Gateway Energy Reports Third Quarter 2010 Results
HOUSTON, Nov. 16, 2010 /PRNewswire-FirstCall/ -- Gateway Energy Corporation (OTC Bulletin Board: GNRG) today announced the financial results for the third quarter ended September 30, 2010. Net loss from continuing operations was $40,711, or ($0.00) per diluted share, for the third quarter 2010 compared to a net loss of $141,728, or ($0.01) for the third quarter 2009 and a net loss of $957,009, or ($0.05) per diluted share, for the immediately preceding second quarter of 2010. Adjusted EBITDA(1) was $105,737 for the third quarter 2010 compared to $60,194 for the third quarter 2009 and $213,308 for the immediately preceding second quarter 2010.

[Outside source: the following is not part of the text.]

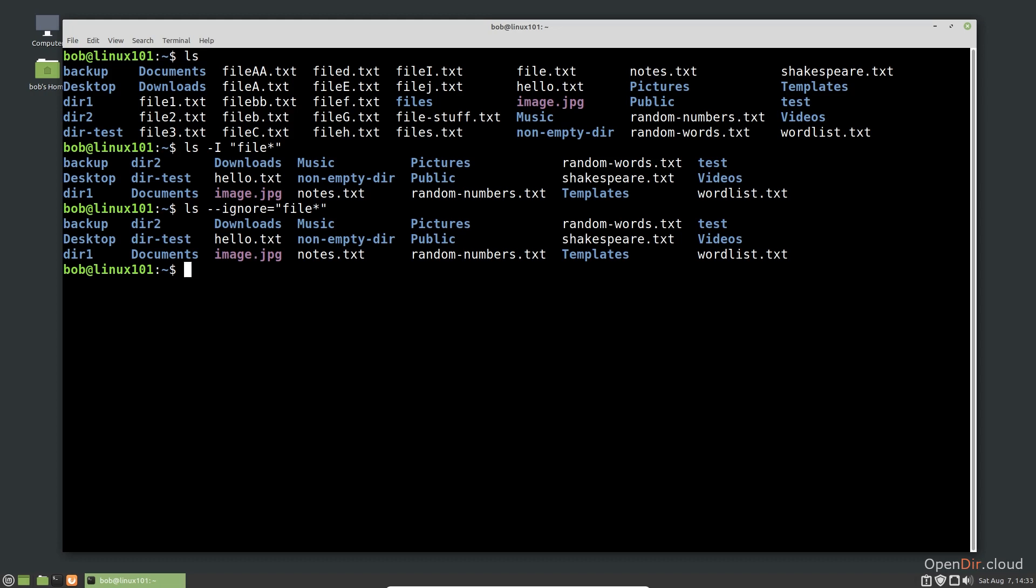Now that you know how to read help information and use options to customize the execution of a command, you are ready to start exploring some more complex commands and use cases in the command line.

Fred Pevow, President and CEO of Gateway, commented "We made progress implementing our strategic plan in the third quarter of 2010, including: (i) a reduction of our general and administrative expenses, (ii) additions to our asset base, and (iii) an increase in our access to capital. We are pleased with our acquisition of natural gas distribution pipelines from Laser, which fits our objective of increasing assets with stable cash flow on a basis which is immediately accretive to earnings. Unfortunately, we experienced mixed operating results from our legacy assets, consisting of good performance from our Waxahachie and Hickory Creek systems and poor performance from our Madisonville and offshore Gulf of Mexico systems. In order to become a profitable company, it will be important for us to replicate the Laser acquisition."

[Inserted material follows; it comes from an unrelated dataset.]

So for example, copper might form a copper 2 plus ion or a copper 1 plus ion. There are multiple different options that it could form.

Third Quarter 2010 Corporate Highlights
- On September 22, 2010, Gateway entered into a Purchase Sale Agreement with Laser Pipeline Company LP ("Laser") to purchase certain assets. The Company subsequently closed the purchase on October 18, 2010.
- Gateway increased its borrowing base on its credit facility to $4.0 million in anticipation of payment of the purchase price of the assets to be acquired from Laser.
Third Quarter 2010 Operating Highlights
- General and administrative expenses prior to stock-based compensation ("Cash G&A") of approximately $357,000 decreased by 35% compared to the third quarter 2009 and 10% compared to the second quarter 2010.
- Operating margin contribution of approximately $146,607 from the Waxahachie pipeline system increased by 25% on a year-over-year basis and 11% on a quarter-over-quarter basis.
- Operating margin contribution from the Madisonville pipeline and net profits interest was negligible.
Selected Financial Data:
The following table summarizes selected financial results for the reporting periods:
Three Months Ended |
||||||
September 30, 2010 |
September 30, 2009 |
June 30, 2010 |
||||
Operating Statement Data: |
||||||
Revenue |
1,804,317 |
1,573,429 |
1,795,963 |
|||
Adjusted EBITDA |
105,737 |
60,194 |
213,308 |
|||
Net Income (Loss) |
(40,711) |
(141,728) |
(957,009) |
|||
Income (Loss) per Share |
- |
(0.01) |
(0.05) |
|||
Results of Operations:
Third Quarter 2010 compared to Third Quarter 2009
Revenues were $1,804,317 for the quarter ended September 30, 2010 compared to $1,573,429 for the quarter ended September 30, 2009. The net increase of $230,888 was due to an increase in sales of natural gas of $356,511 and a decrease in transportation, treating and other revenue of $125,623. Revenues from sales of natural gas from the Waxahachie delivery system increased as natural gas prices were higher than the previous year (volumes are bought and sold pursuant to 'back-to-back" contracts based on monthly index prices, so higher prices do not generally result in increased margins).
Adjusted EBITDA was $105,737 for the quarter ended September 30, 2010 compared to $60,194 for the quarter ended September 30, 2009. The net increase of $45,543 was primarily due to a reduction in Cash G&A expenses of $192,354 or 35% from the comparable period which was partially offset by a decrease in operating margin(2) of $134,041. Lower interest income and other non-operating expenses also resulted in a decrease of $12,770.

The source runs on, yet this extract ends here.